From left, Roy Parker Sr., director of public works, Alderman Emmett Robinson, City Manager Zeno Hollowell and W.P. Rose oversee the paving of Center Street following the removal of the railroad tracks downtown in 1926. Roy Parker III said all city employees and crews from Rose's business worked together in a joint effort to pave the street.

It's a night that lives on in the infamous lore of local history, the April night in 1926 when the railroad tracks were torn up.

The citizens of Goldsboro had grown tired of the noise pollution the tracks down Center Street brought in, so they removed them through a late-night criminal act winked at by the city, its newspaper and nearly all who took part in it.

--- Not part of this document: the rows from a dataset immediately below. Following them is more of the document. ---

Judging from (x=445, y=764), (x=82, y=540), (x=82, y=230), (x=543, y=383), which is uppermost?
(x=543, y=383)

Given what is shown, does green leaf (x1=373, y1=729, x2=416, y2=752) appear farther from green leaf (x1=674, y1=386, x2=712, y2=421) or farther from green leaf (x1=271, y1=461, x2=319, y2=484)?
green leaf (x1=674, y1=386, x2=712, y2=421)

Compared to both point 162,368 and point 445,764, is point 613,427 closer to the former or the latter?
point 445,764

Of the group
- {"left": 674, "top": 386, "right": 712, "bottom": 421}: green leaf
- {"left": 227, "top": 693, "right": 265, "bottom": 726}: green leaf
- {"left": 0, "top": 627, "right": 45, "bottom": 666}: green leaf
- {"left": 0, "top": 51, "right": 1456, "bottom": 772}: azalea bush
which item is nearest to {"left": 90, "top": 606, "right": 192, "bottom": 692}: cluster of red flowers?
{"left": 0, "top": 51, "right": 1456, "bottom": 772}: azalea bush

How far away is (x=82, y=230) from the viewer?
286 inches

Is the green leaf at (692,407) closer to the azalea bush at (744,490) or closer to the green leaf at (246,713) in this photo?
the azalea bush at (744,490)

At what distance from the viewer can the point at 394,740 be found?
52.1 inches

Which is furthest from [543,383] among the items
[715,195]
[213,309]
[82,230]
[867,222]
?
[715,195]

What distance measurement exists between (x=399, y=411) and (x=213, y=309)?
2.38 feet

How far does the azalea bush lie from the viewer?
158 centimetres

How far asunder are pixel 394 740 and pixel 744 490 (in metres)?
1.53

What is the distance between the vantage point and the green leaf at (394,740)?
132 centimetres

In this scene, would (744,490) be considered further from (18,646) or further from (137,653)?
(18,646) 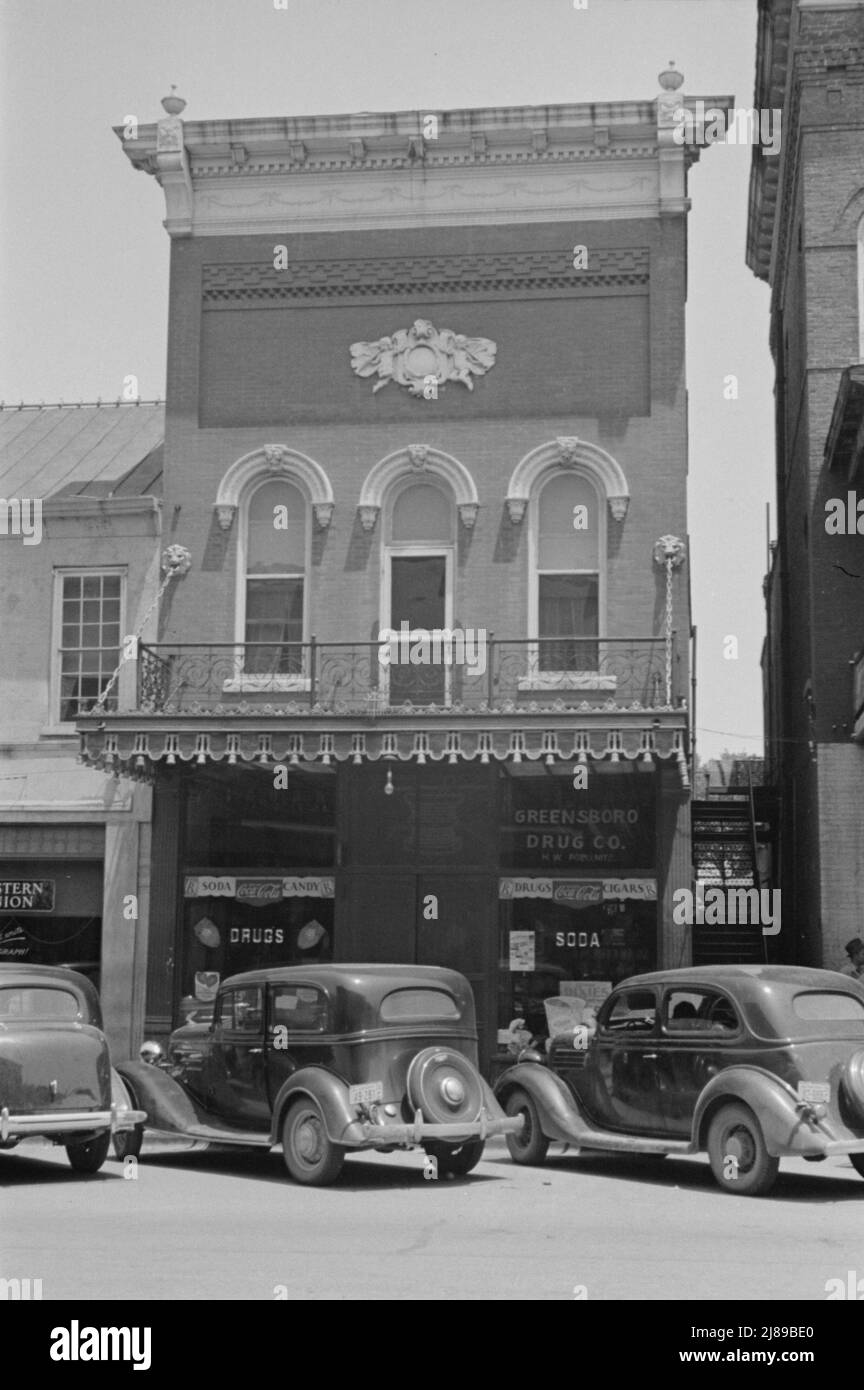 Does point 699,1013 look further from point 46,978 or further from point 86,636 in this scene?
point 86,636

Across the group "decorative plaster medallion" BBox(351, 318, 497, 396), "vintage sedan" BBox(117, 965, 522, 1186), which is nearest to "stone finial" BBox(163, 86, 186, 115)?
"decorative plaster medallion" BBox(351, 318, 497, 396)

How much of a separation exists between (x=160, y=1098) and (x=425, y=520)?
880 cm

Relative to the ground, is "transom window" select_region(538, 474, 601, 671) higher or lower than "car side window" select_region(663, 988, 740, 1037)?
higher

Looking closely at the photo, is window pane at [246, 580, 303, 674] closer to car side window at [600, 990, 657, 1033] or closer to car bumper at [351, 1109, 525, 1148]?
car side window at [600, 990, 657, 1033]

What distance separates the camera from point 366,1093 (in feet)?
41.4

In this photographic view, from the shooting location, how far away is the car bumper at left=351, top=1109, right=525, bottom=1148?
1235 centimetres

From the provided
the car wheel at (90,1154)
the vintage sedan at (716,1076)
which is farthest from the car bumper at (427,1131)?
the car wheel at (90,1154)

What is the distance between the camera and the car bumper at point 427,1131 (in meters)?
12.4

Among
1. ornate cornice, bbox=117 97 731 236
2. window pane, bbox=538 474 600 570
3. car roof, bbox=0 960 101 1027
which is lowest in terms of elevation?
car roof, bbox=0 960 101 1027

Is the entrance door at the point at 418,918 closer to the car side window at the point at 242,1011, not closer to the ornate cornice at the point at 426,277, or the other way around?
the car side window at the point at 242,1011

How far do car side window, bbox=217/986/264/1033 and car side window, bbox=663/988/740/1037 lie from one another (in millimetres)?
3311

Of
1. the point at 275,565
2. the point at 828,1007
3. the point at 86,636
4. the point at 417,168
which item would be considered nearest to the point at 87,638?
the point at 86,636

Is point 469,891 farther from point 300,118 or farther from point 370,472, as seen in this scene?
point 300,118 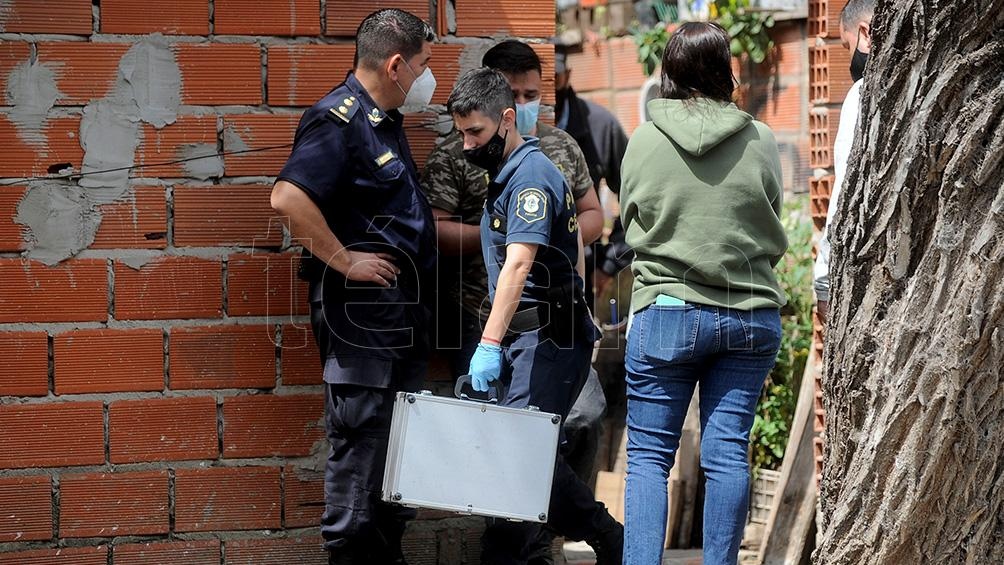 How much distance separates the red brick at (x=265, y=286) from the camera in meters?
4.05

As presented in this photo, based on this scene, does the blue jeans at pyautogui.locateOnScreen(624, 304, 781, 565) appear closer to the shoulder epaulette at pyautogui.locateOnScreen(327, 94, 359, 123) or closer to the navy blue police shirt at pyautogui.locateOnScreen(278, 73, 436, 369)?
the navy blue police shirt at pyautogui.locateOnScreen(278, 73, 436, 369)

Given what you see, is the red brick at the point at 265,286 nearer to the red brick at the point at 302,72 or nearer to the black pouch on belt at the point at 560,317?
the red brick at the point at 302,72

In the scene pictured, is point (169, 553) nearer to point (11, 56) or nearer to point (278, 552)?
point (278, 552)

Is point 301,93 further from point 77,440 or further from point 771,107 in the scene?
point 771,107

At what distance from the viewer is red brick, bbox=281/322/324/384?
4.10 m

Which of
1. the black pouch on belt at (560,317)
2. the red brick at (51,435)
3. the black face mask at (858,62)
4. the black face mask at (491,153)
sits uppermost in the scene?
the black face mask at (858,62)

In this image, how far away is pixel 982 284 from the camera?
2348mm

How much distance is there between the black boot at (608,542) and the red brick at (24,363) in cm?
186

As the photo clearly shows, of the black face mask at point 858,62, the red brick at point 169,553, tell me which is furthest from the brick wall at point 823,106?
the red brick at point 169,553

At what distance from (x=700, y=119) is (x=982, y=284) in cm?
122

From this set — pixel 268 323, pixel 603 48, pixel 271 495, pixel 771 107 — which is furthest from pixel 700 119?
pixel 603 48

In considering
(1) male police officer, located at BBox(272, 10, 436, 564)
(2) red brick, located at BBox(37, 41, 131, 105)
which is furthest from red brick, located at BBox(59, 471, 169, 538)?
(2) red brick, located at BBox(37, 41, 131, 105)

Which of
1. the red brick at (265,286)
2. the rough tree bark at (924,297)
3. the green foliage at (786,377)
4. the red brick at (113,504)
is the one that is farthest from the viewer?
the green foliage at (786,377)

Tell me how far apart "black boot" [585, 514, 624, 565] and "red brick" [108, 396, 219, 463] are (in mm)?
1306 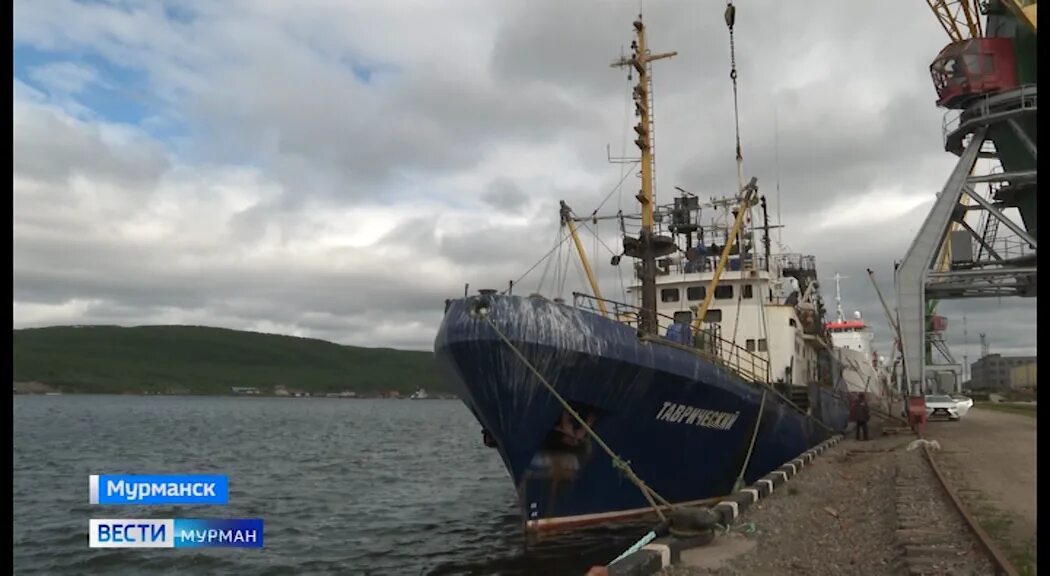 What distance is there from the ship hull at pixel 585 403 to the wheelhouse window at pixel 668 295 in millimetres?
6339

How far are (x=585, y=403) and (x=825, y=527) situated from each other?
4.84m

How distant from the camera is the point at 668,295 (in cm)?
2277

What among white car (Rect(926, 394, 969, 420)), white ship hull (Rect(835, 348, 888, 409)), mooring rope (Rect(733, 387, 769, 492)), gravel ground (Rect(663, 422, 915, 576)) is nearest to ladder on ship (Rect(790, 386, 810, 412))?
mooring rope (Rect(733, 387, 769, 492))

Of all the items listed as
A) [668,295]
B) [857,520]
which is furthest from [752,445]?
[668,295]

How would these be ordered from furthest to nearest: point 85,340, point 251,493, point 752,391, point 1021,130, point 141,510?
point 85,340 → point 1021,130 → point 251,493 → point 141,510 → point 752,391

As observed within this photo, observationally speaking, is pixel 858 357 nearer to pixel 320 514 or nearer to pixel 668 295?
pixel 668 295

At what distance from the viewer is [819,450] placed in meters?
20.0

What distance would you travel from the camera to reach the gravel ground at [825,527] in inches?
332

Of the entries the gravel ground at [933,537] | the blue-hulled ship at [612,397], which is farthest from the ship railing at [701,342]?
the gravel ground at [933,537]

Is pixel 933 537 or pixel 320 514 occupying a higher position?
pixel 933 537

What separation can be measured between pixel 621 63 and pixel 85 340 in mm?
217970

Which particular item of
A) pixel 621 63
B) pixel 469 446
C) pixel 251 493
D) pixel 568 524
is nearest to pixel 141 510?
Result: pixel 251 493

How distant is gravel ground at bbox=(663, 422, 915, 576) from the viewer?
843 cm

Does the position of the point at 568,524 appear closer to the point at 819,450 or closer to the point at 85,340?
the point at 819,450
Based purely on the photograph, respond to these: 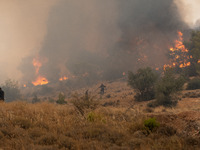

After the tracks were removed, however, Goldsboro was left with a city center that literally looked like a train had, at one time, come through it.

This is when the city and its citizens came together to reshape Center Street into a wide, four-lane, two-way road with a concrete median.

According to Roy Parker III, whose grandfather was one of the insiders in the removal of the tracks, the road was torn up and repaved to look much like the blocks south of Mulberry Street look like today.

And by all recollection, that was the last time the earth beneath Center Street was exposed. Until now.

The Center Street Streetscape project begun in mid-May involved first the digging away of nearly a century of pavement and sediment, leading treasure enthusiasts and history buffs alike to clamor for the opportunity to use their metal detectors along the city's main street.

During excavation, Daniels and Daniels Construction Co. and subcontractors replaced infrastructure pipes and conduits that more than once were reported to be mostly held together by the dirt compacted around them.

There were pipes discovered that were marked as being installed in 1916 as workers sought to repair what was almost a century of infrastructure deterioration.

Parker, who runs The Little Bank at the corner of Mulberry and Center streets, said water that used to trickle brown out of faucets downtown now comes out much faster and is so clean his employees might even be able to drink it instead of bringing bottled water to work.

But District 1 Councilman Michael Headen said during Monday's meeting of the Goldsboro City Council that the infrastructure needs had gone unpublicized in the run-up to the project, which was advertised heavily as one that would bring badly needed renovations to the downtown area in a beautification and revitalization effort.

"We have infrastructure problems, and we were talking beautification," he said.

City Manager Scott Stevens said that while the infrastructure needs were noted, they could have been highlighted more, especially as opposition to the project built up mightily in the months leading up to the decision based on rhetoric that claimed the city was simply making aesthetic improvements to the 200 block of North Center Street.

In fact, Stevens pointed out, about $800,000 in street bonds were delayed from the resurfacing of Center Street in 2010 with the intention of using the money for the Streetscape project, which emerged as a priority in the downtown master plan the City Council approved in 2007.

Construction was originally slated to run from May 14 until Oct. 15, but a water main break, weather and the need to bring in soil have pushed the estimated completion date to Nov. 5.

Despite those change orders, however, the project is currently estimated to cost $200,000 less than the $1.9 million which was budgeted, roughly the entirety of the contingency which was factored into the final cost.

Planning Director Randy Guthrie said Monday night that there likely wouldn't be any more change orders as the excavation phase of the project has ended and workers have begun to piece the block back together.

The curbs and gutters were poured early this week and the street is beginning to take shape, just as it did more than 80 years ago.

The circumstances are different and there is less of a criminal element than the last time, but the aim is still the same: making Goldsboro's downtown a better place to be.